The disappointment of one who, as he puts it, is “a boy who wants to play football, so of course I wanted to start the game” is softened by the fact that he has just returned after six months out injured, yet what has just happened out on the pitch has revealed how the landscape at Arsenal has changed for him. There was a time, as the coming man, when everything revolved around him. But Santi Cazorla ran the show against Aston Villa and underlined why there is a fight ahead for Wilshere when the new season comes around.

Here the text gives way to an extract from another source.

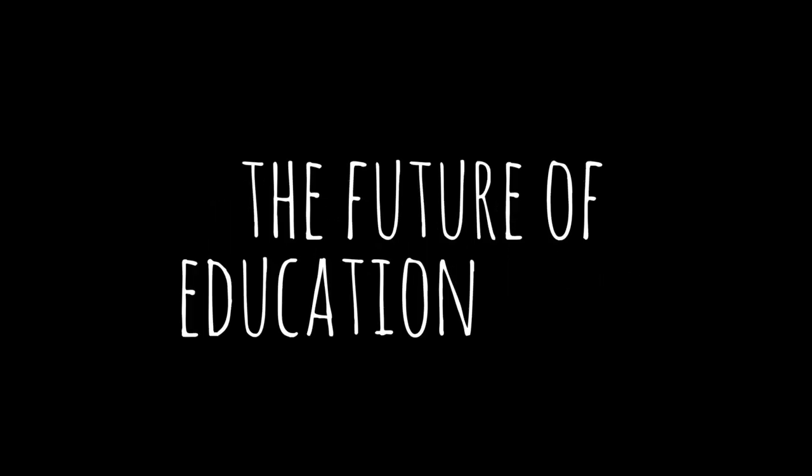That's the power of innovative teachers. That is why the future of education is you.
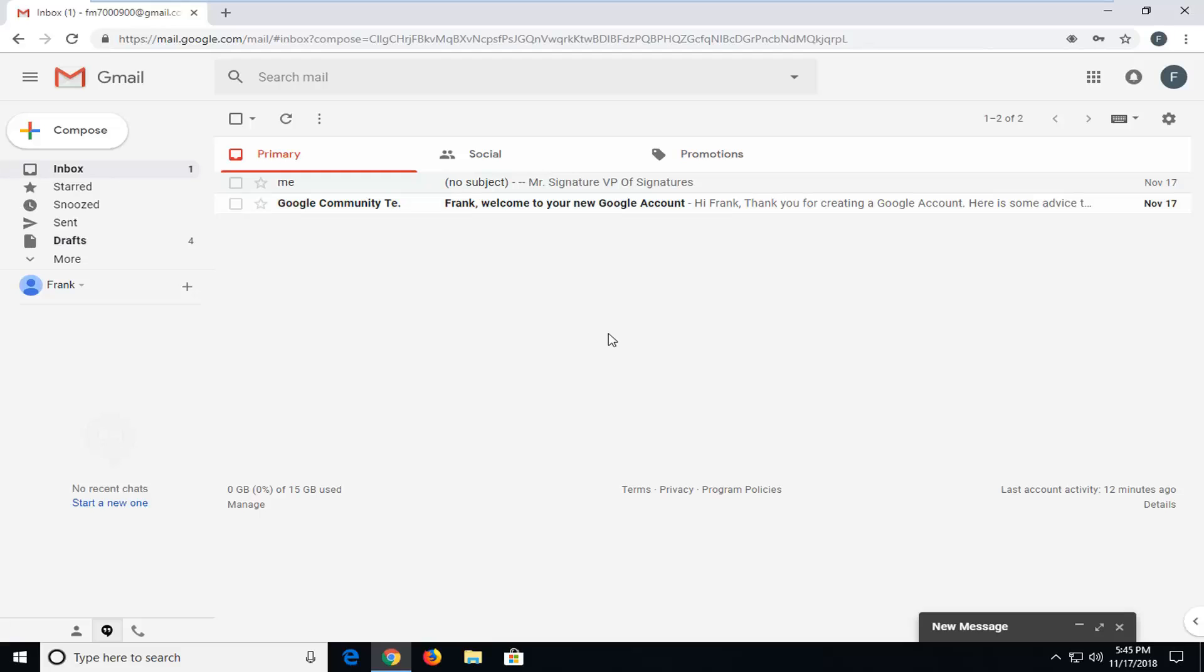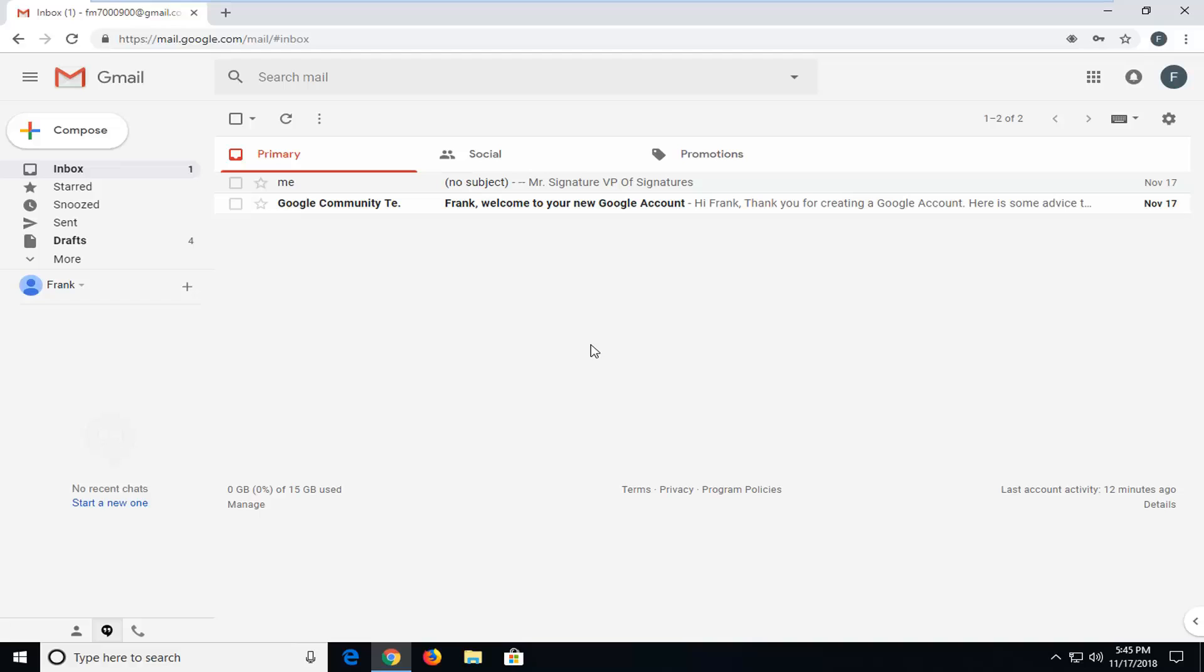Hello everyone, how are you doing? This is MD Tech here with another quick tutorial. In today's tutorial I'm going to show you guys how to recover deleted emails in Gmail.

Two vignettes in the game’s last three minutes – as the last capitulation of Tim Sherwood’s Villa revealed that we are too hasty to proclaim new managers as saviours – underlined what Wilshere is up against. Cazorla, whose absence from the Professional Footballers’ Association team of the year is staggering, cracked a 40-yard diagonal pass smack on to Aaron Ramsey’s left foot.

Then Wilshere, who had arrived for Mesut Özil with just over 10 minutes of normal time remaining, placed a short ball for Ramsey which ran out of play in front of him on the right touchline. Ramsey seemed to veil what just about added up to frustration. You felt in that moment that Wilshere was the intruder in a team which was doing perfectly well without him, thanks all the same.

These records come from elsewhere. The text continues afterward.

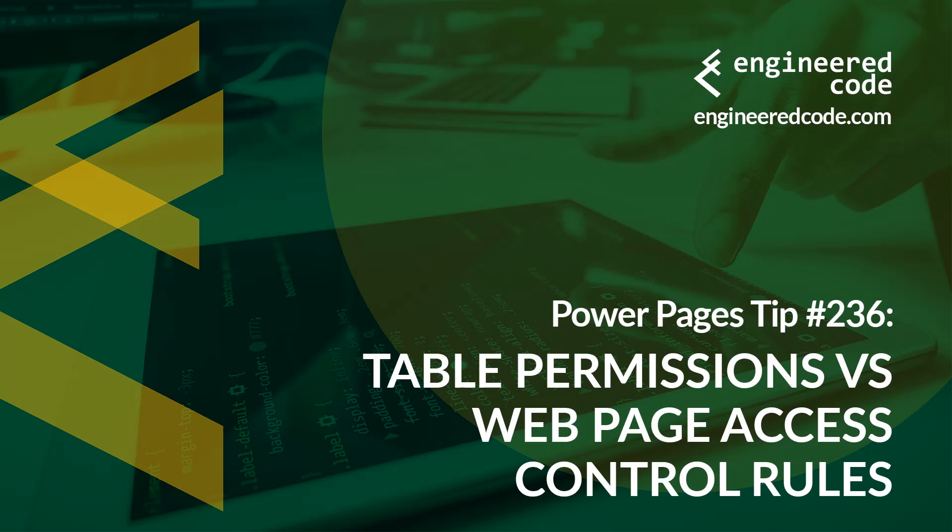Thanks for watching, and I hope you found Power Pages tip number 236 on table permissions versus web page access control rules useful.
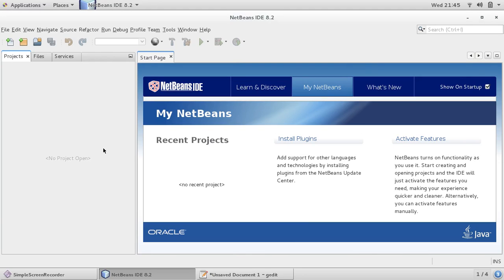Hello friends, this is Praveen. In this video we would like to see how to create a Maven project in NetBeans IDE.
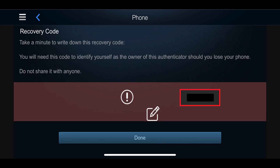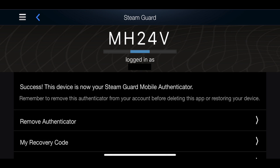Step 6. Write down the Recovery Code presented on the screen in a safe place. This is the code you'll need to provide to prove you're the owner of this Steam Guard Mobile Authenticator in the event you lose your mobile device. Tap Done when you're ready to move on. A success screen appears, confirming you've successfully set up the Steam Guard Mobile Authenticator. You'll see a number displayed along the top of this screen that will expire roughly every 30 seconds. This is the number you'll need to enter to access your Steam account on other computers.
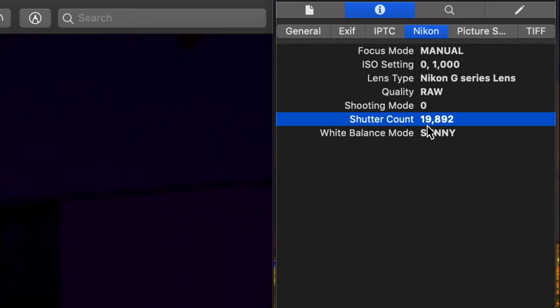Mine is 19,892, which isn't too bad. For most cameras, the shutter is estimated to last at least 100,000 to 200,000 shots before it goes bad, and it's an even higher number for very high-end cameras.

He is discovering how competitive life at an elite club really is – and how it probably ought to have been when he was breaking into the ranks, had Arsène Wenger’s squad only been well enough equipped. “The competition is ferocious and it’s going to be the same next season,” Wilshere said. “It’s part of football. When I first started at Arsenal there was players like [Cesc] Fabregas, [Samir] Nasri and [Alex] Song and people were saying I wouldn’t play, that I might have to go out on loan again to get some game time…” But that was a part of his professional development. It was self-evident he would return from Bolton with a position to fill in 2010.

Wilshere’s difficulty is good news for those who follow Arsenal. There ought to be competition. But the search for the Arsenal central midfield role which seemed his entitlement has become scrambled. The discovery of Cazorla as a central midfielder, after two years in which Arsène Wenger seems to have overlooked where the Spaniard plays best, has coincided with Francis Coquelin’s emergence.

The controversy Wilshere provoked with his raucous anti-Spurs celebrations, for a second year running, will not keep him out of any Arsenal team. But it did contribute to that old sense that one of the missing commodities with him is self-discipline. Such are the contours which allowed Wenger’s indifference – irritation, even – when it was put to him last week that Wilshere might be feeling a little unloved. “I’m still trying to get as fit as I can and the summer comes at a bad time for me,” Wilshere said. Then he left, declaring that Arsenal can genuinely covet the Premier League title now, yet wondering in his heart what part in securing it he will actually have.